Exercise brief:
Skip the pictures. Quote every line below, exactly, from the one with "韩恩彩荞麦冷面（拍2送泡菜1包）(荞麦冷面500克)第2张高清大图" through the final line.

Materials provided:
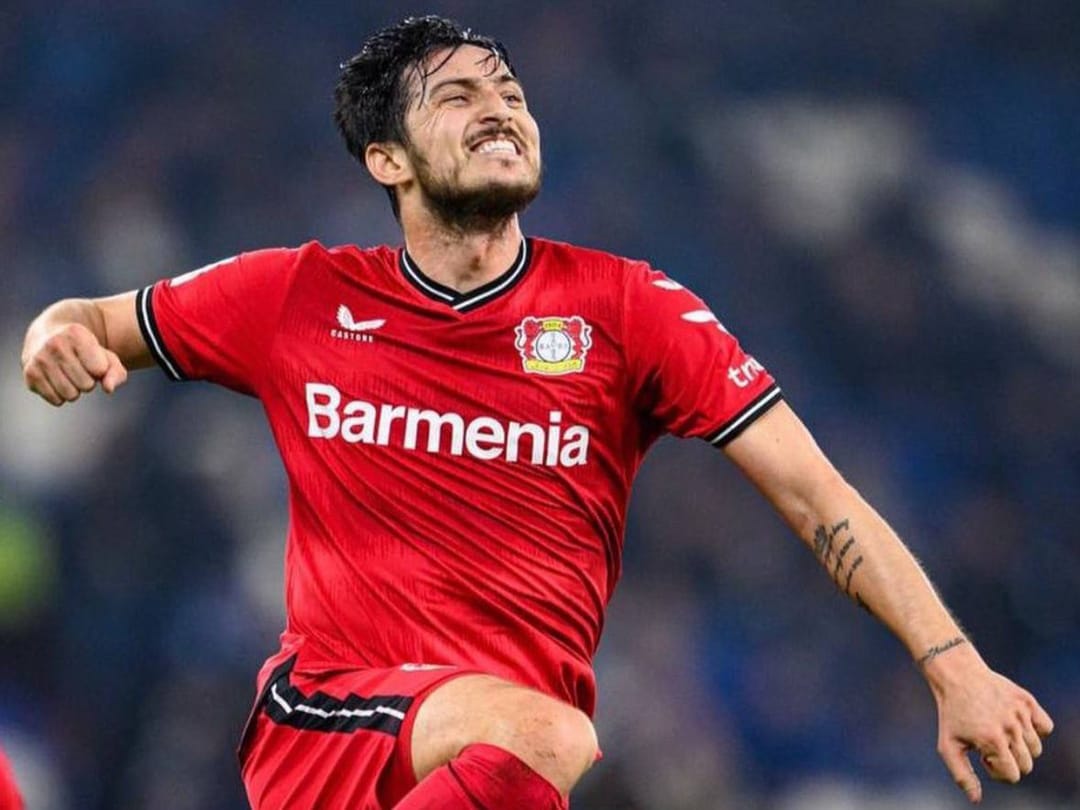 Azmun karýerasyny BAE-de dowam etdirer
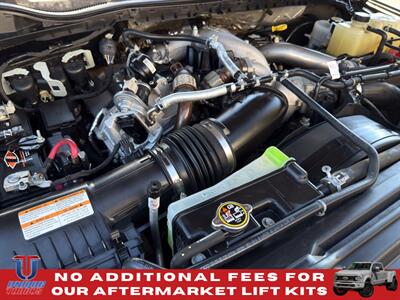 2022 Ford F-350 Super Duty Lariat - Photo 15 - Scottsdale, AZ 85257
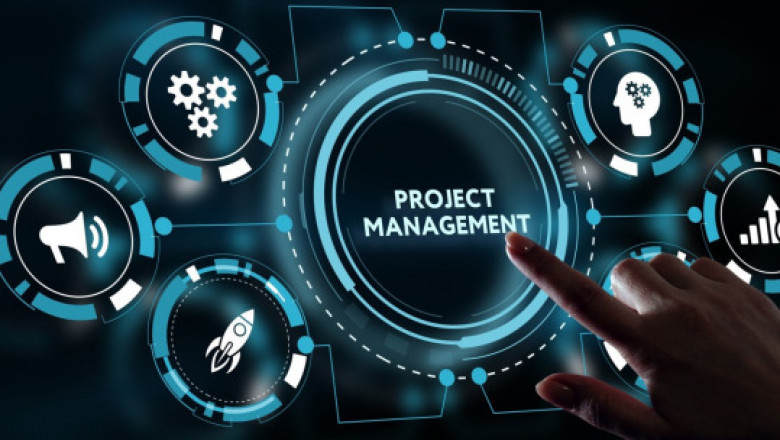 Project Management - SgurrEnergy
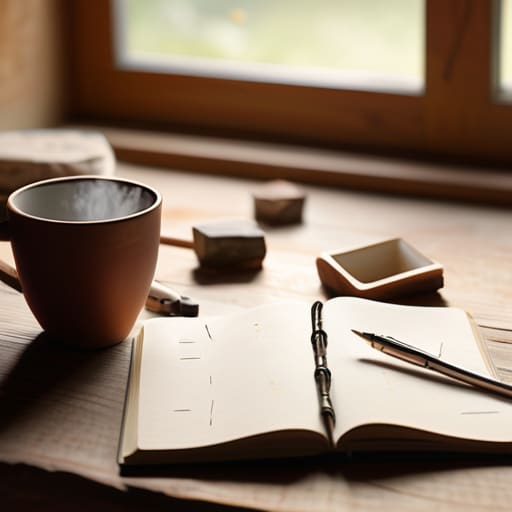 The Bottom Line: overcoming procrastination.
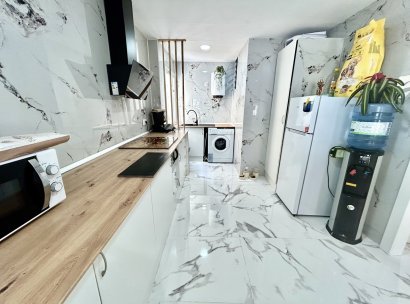 Appartement · Herverkoop - San Pedro del Pinatar · Murcia · Spanje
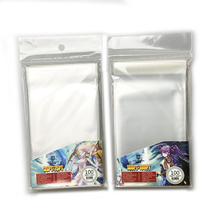 TW card brick film 35PT 55PT 75PT 100PT 130PT protective cover outer film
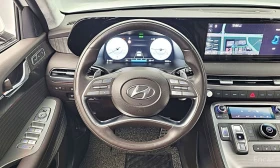 Hyundai Palisade undefined | Auto.bg — изображение 9 Hyundai Palisade undefined | Auto.bg — изображение 9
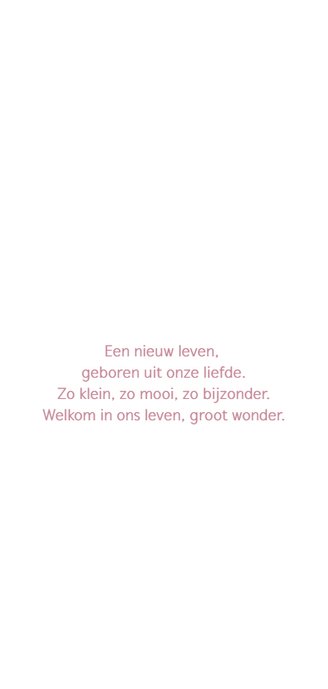 Roze waterverf hartjes 2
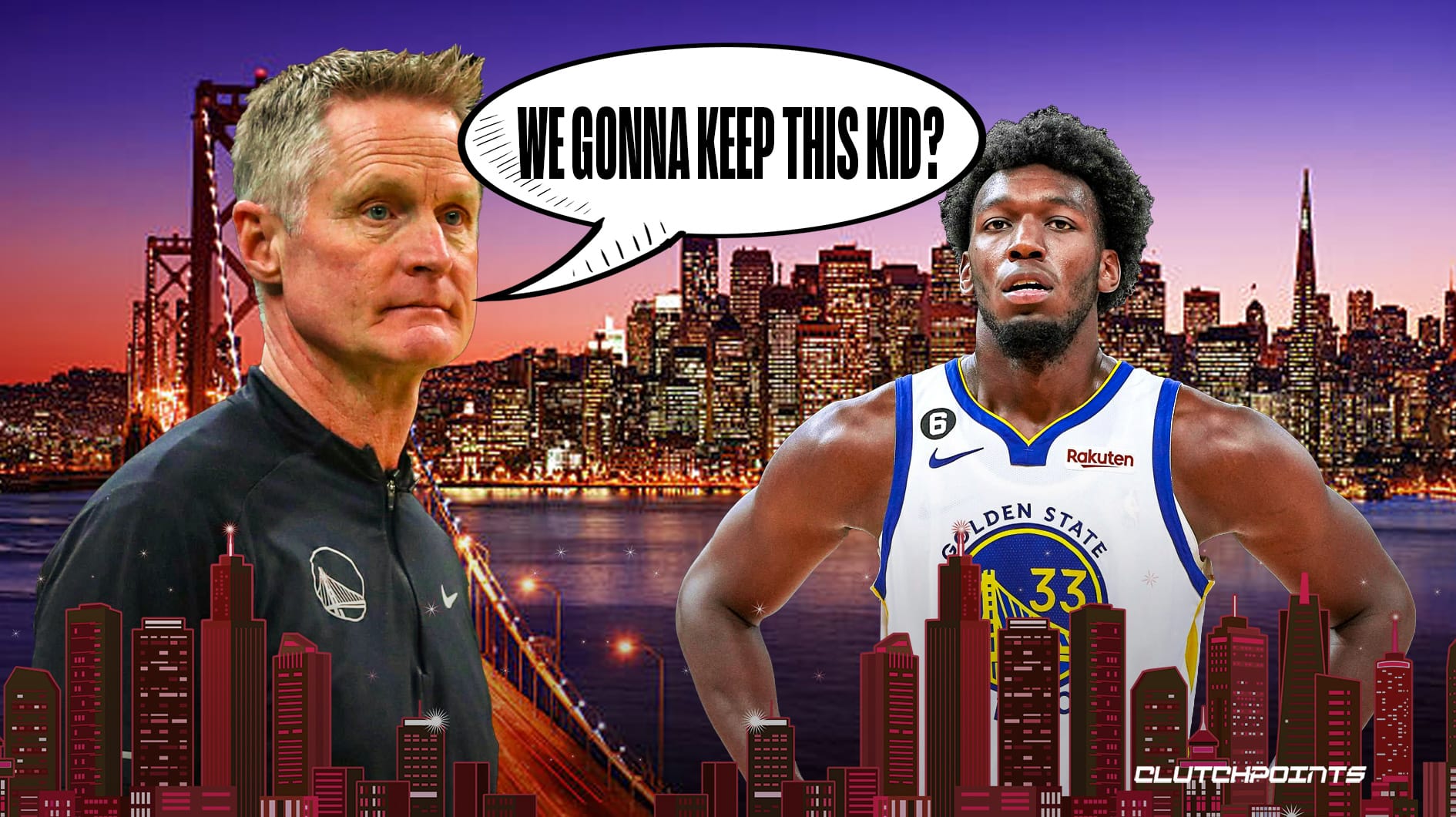 Warriors: Potential 2023 NBA Trade Deadline Move They Would Regret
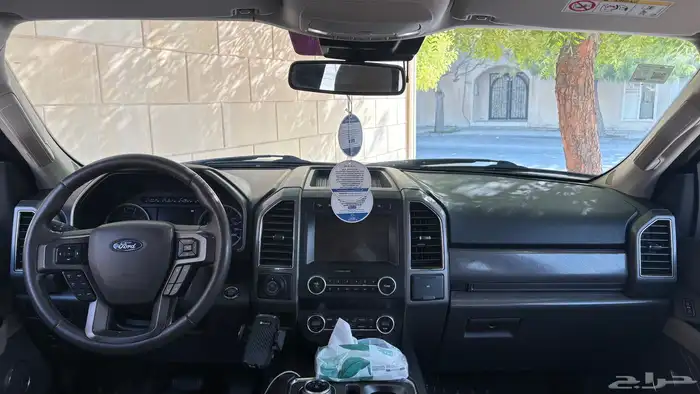 اكسبدشن 2020 xlt 14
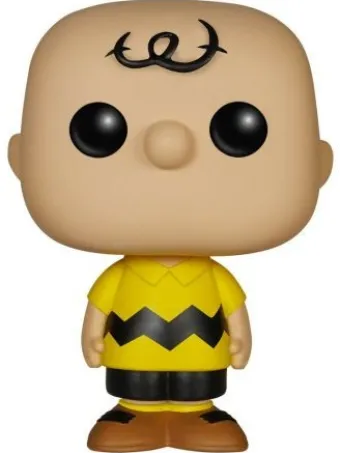 Charlie Brown
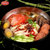 韩恩彩荞麦冷面（拍2送泡菜1包）(荞麦冷面500克)第2张高清大图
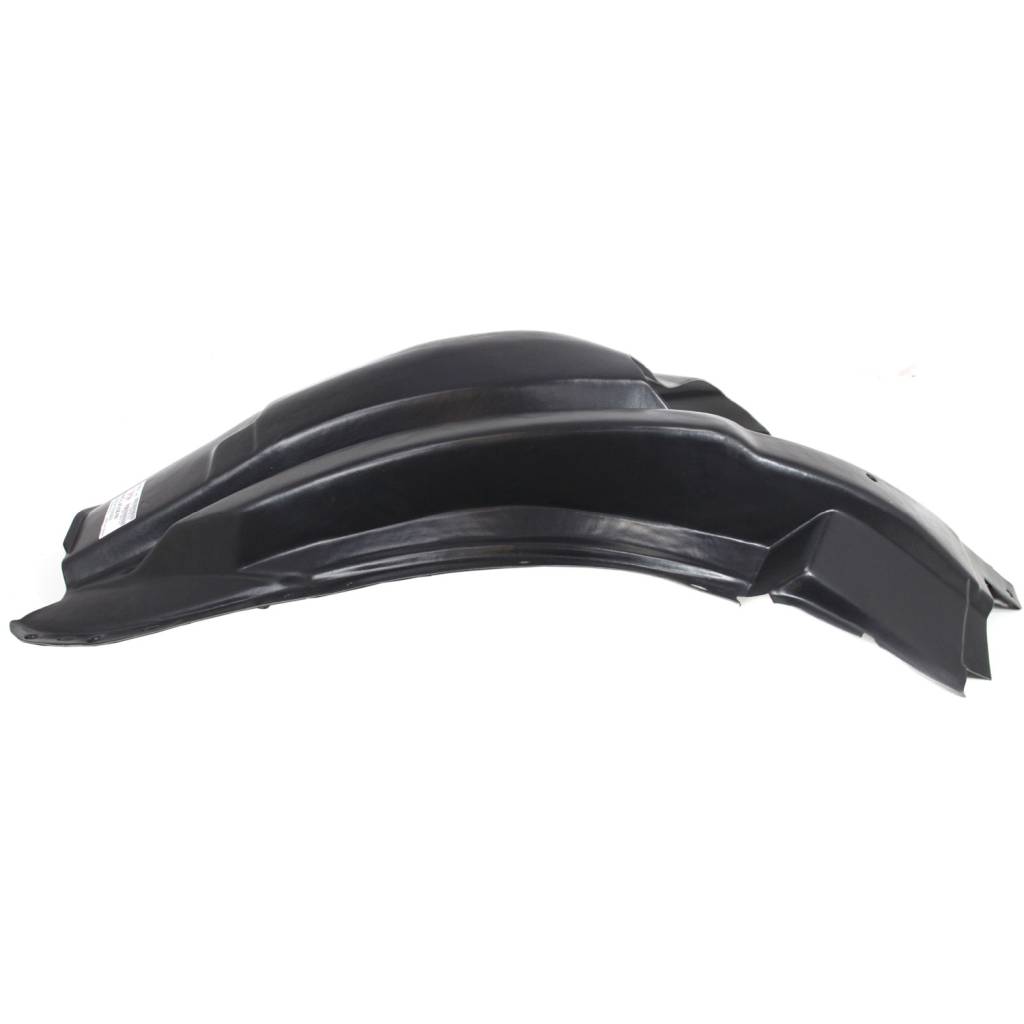 BUICK ENCLAVE FENDER LINER RIGHT (Passenger Side) (RR SECTION) OEM#25849002 2008-2017 PL#GM1249197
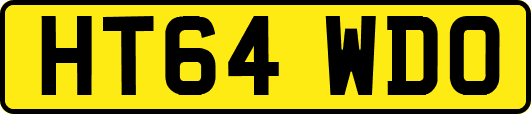 HT64WDO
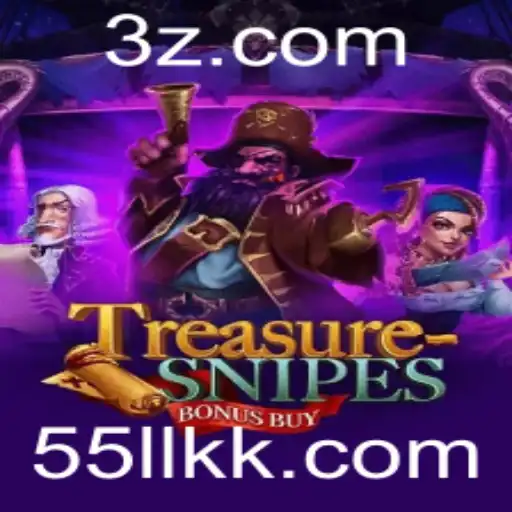 Descubra o Mundo de TreasuresnipesBonusBuy: A Nova Sensação dos Jogos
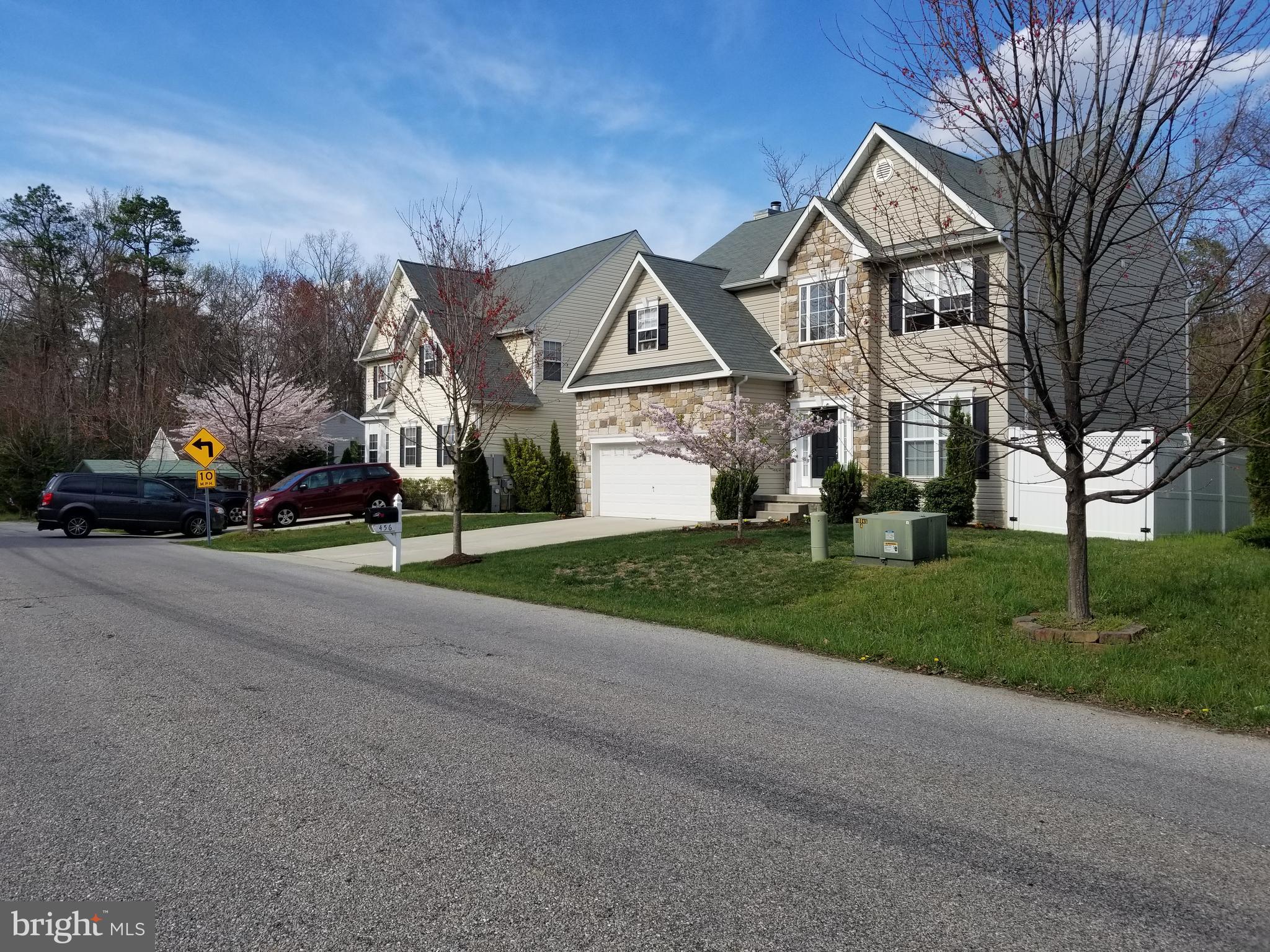 SOLLEY HEIGHTS - Residential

Response box:
 韩恩彩荞麦冷面（拍2送泡菜1包）(荞麦冷面500克)第2张高清大图
 BUICK ENCLAVE FENDER LINER RIGHT (Passenger Side) (RR SECTION) OEM#25849002 2008-2017 PL#GM1249197
 HT64WDO
 Descubra o Mundo de TreasuresnipesBonusBuy: A Nova Sensação dos Jogos
 SOLLEY HEIGHTS - Residential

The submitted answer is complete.